YOUR ASSIGNMENT:
In the data below, locate the line containing "日本00后最美花旦滨边美波：新冠检测后呈阴性，让人松了一口气" and the line containing "Meloneras que incluye", then retype both and everything between them exactly. Pictures are not part of the copy.

RECORDS:
————
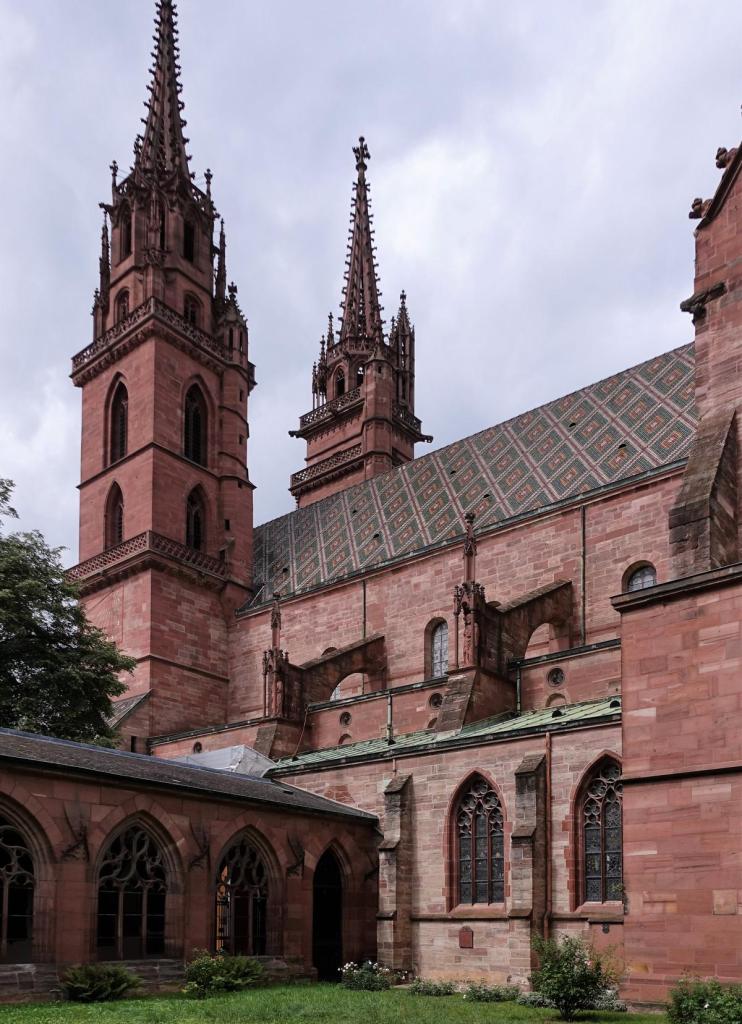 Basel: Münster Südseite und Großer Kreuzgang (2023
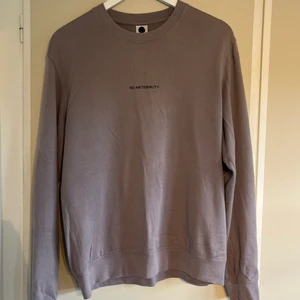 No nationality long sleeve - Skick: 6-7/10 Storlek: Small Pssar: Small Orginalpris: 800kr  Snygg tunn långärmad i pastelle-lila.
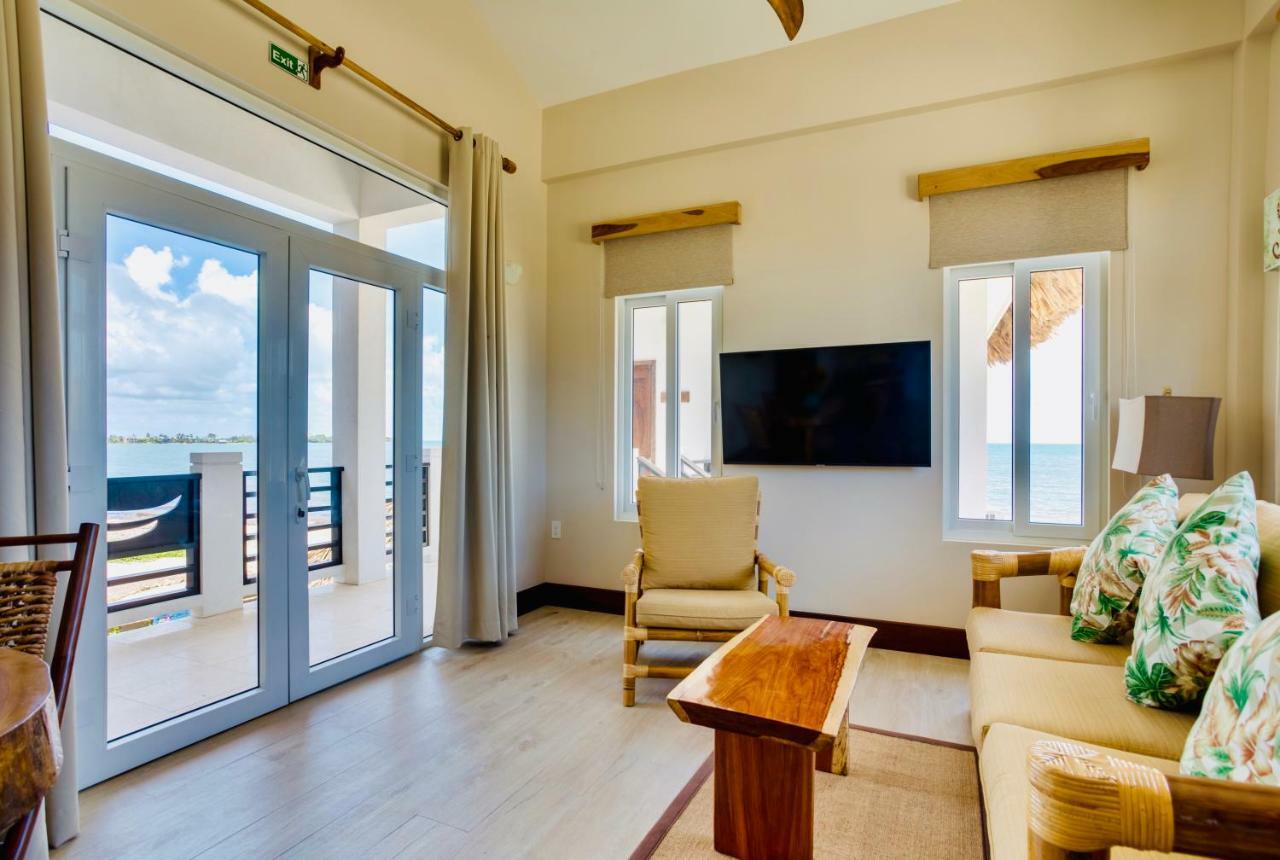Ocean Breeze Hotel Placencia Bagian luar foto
————
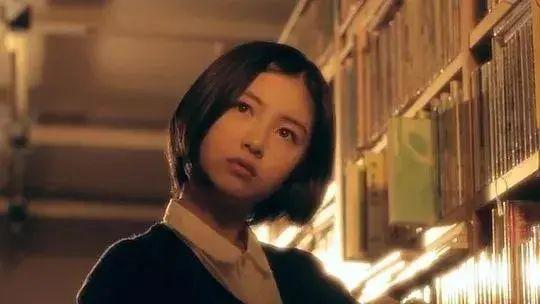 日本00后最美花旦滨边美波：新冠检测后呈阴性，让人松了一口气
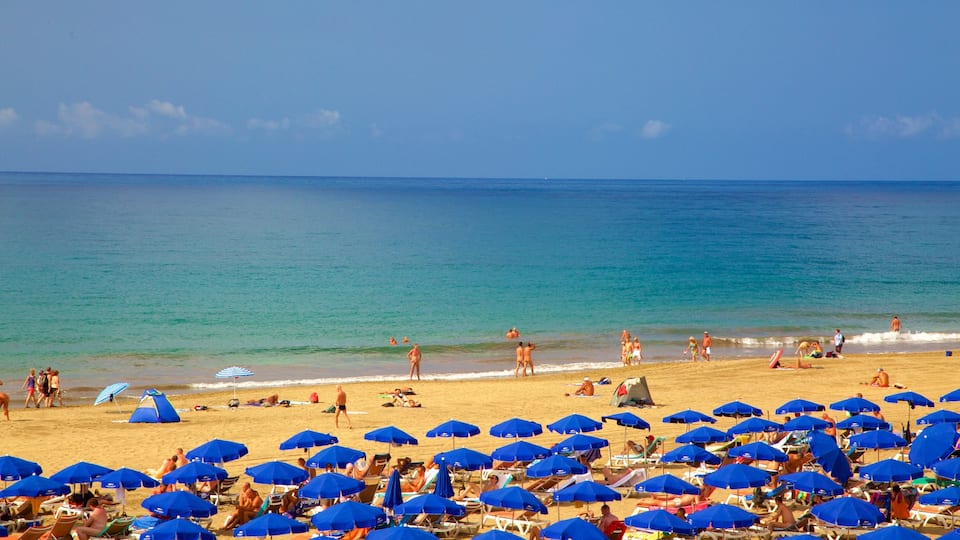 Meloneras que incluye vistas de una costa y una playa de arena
————
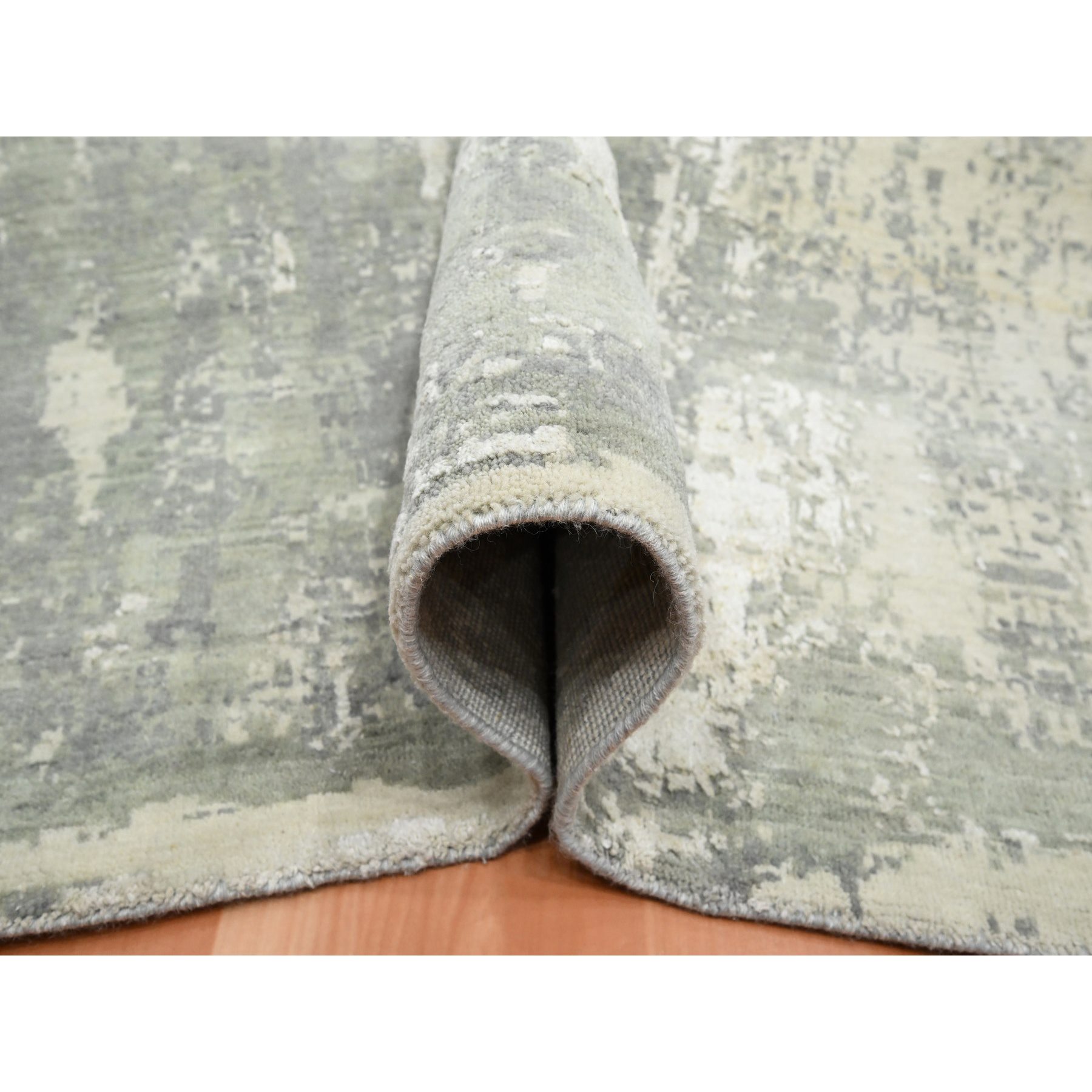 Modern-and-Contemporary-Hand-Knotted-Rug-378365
————
OUTPUT FOR THIS TASK:
 日本00后最美花旦滨边美波：新冠检测后呈阴性，让人松了一口气
 Meloneras que incluye vistas de una costa y una playa de arena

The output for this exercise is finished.